In 1980 was there any feeling the fact one of those police departments was somewhat responsible for the events that--
But, ah, no I don't think so because I, I, I think that, um, that, ah, the same kind of problems, ah, that are, that have occurred and occurred then in Metropolitan Dade County, those were Metro police officers that were accused, ah, had also occurred in the City of Miami. I mean there's a, there's a tradition that goes back to Chief Walter Headley whose famous statement, ah, famous in this community and the State of Florida is when the, when, when the looting starts, the shooting starts. I mean that's the tradition. This was a southern police department, ah, of a southern city which is what Miami was up until the advent, the arrival of the Cubans in 1960. And this community has changed totally. But the mentality of that police department continues, I mean it has life, it has a history. That same mentality exists at Metro and at the City of Miami. And, and I think it's been part of the problem because, because of the process of assimilation. When you assimilate, you assimilate into that mentality. So that the so-called redneck mentality that existed here, ah, that we inherit from our southern traditions, ah, you think that the Cubans who come over are going to be sympathetic to minority causes and minority positions with the Black police officers. Not so. They identified immediately w- with the White police officers and that's who they try to integrate with and emulate. And that's, and the assimilation process takes that in. So all of these problems that have occurred in the police department of Miami, ah, from a, from a sociological or a cultural anthropological point of view deals with that phenomenon.
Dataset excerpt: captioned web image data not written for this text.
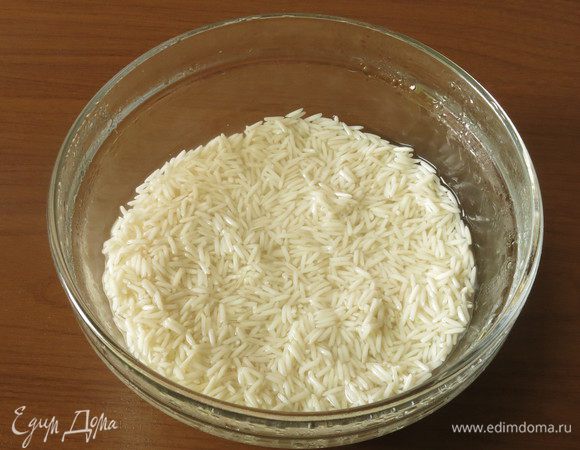 Заливаем рис кипятком и оставляем под крышкой на 8 часов.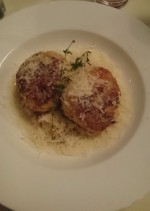 Graukäseknödel auf lauwarmem Speckkrautsalat - Hemmers - Wien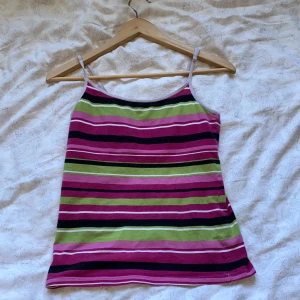 Multifärgad topp - Fin topp köpte second hand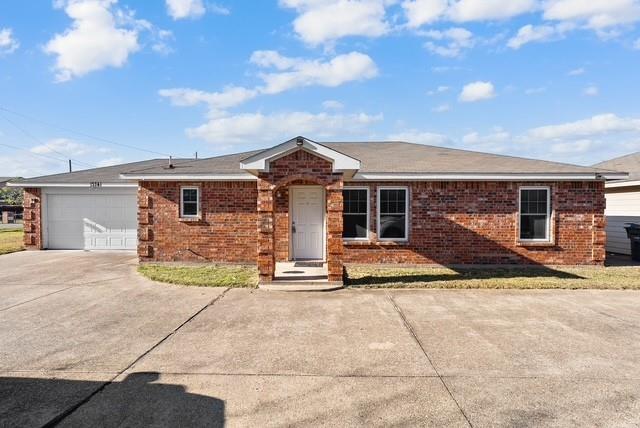 13741 Biggs Street — photo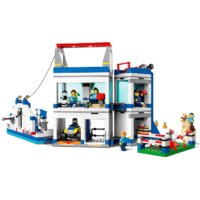 Конструктор LEGO City 60372 Полицейская тренировочная академия - Превью изображения №2 — Интернет-магазин Time-Shop
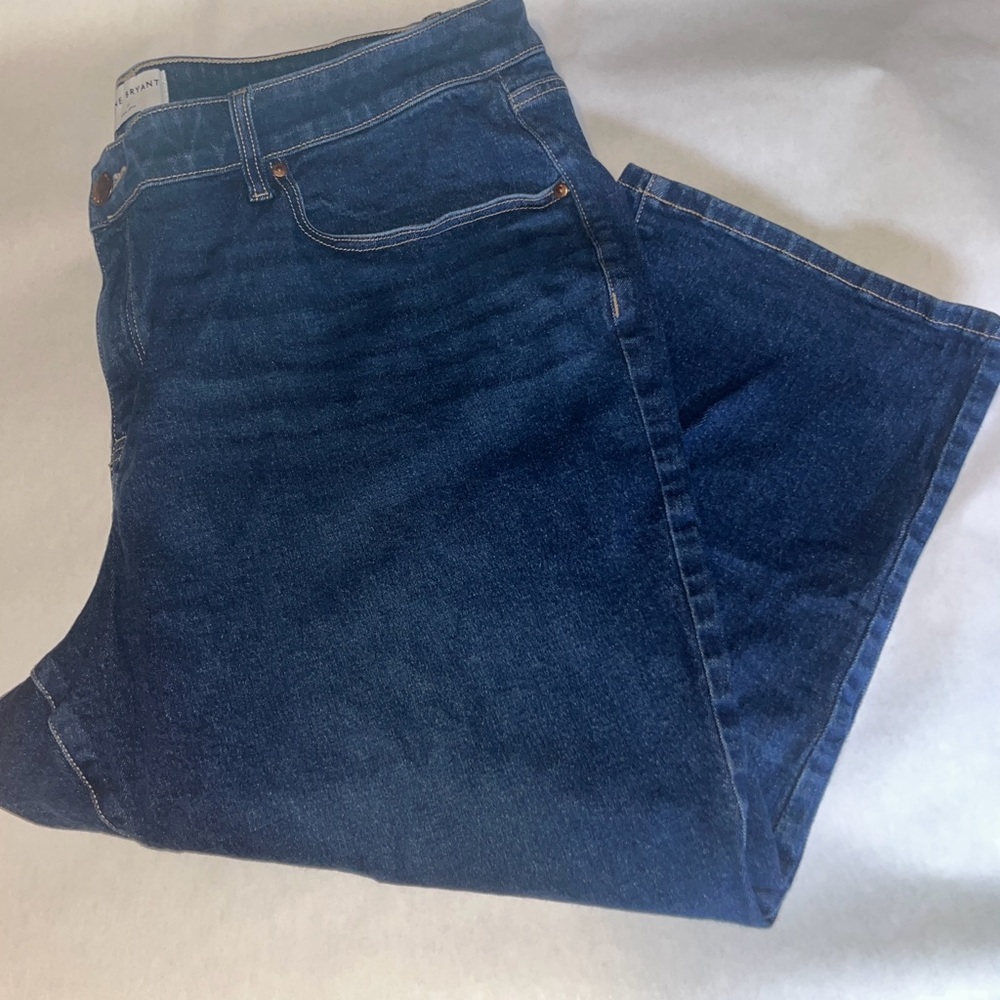 FLEX MAGIC WAISTBAND
SIGNATURE-FIT MID-RISE STRAIGHT CROP Jean Dark-Wash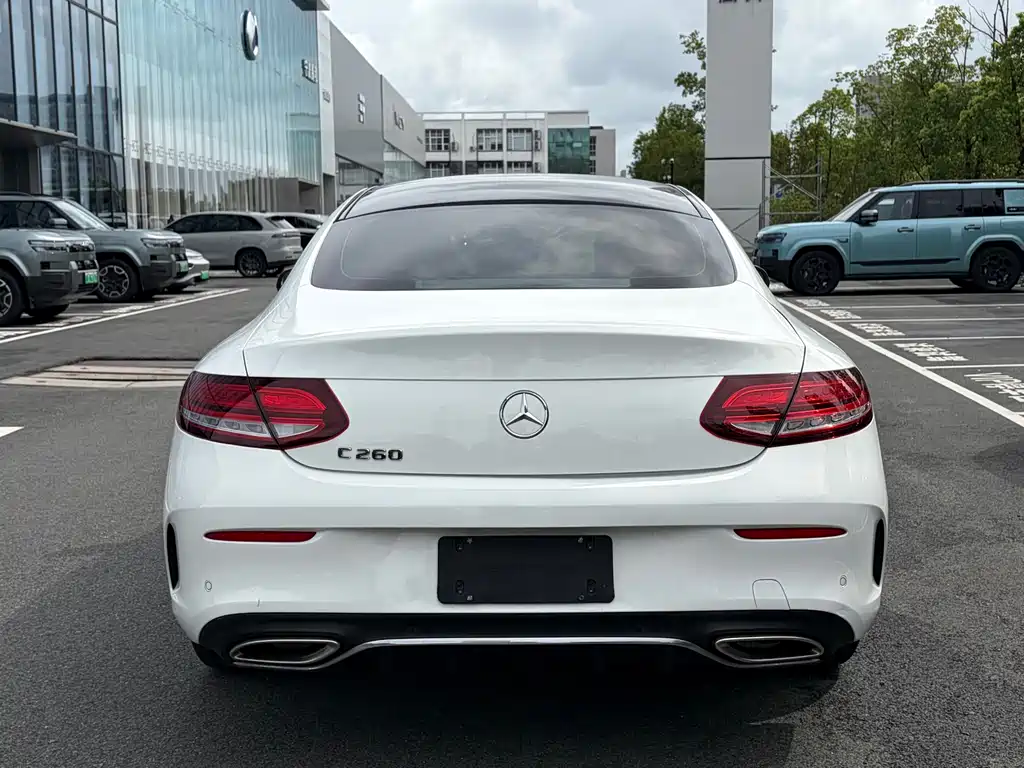 Mercedes-Benz C-Class (Import) — миниатюра 16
OK, I'm going to take a quick check on how much film we have.
The meeting with President Carter took place in Liberty City. It was a bland meeting. Carter was on the defensive. It was obvious to me, ah, having known him and seen him in other situations that he was, ah, that he was uptight. Ah, he was obviously at that time concerned with the Mariel problem. He was, ah, the, the Iran, ah, situation was, ah, and the hostages was obviously on his mind, and the election was on his mind. He made a lot of promises, it was, ah, it was not an organized meeting. It, in my opinion nothing was accomplished. If, if anything it exacerbated things because it created false hope. And I think, ah, Carter made promises that, ah, six months later he was out of office and therefore he was not able to keep. And Reagan, was not interested in keeping any of those promises and they have not been kept.
OK, let's stop down, I think we should probably change the camera roll.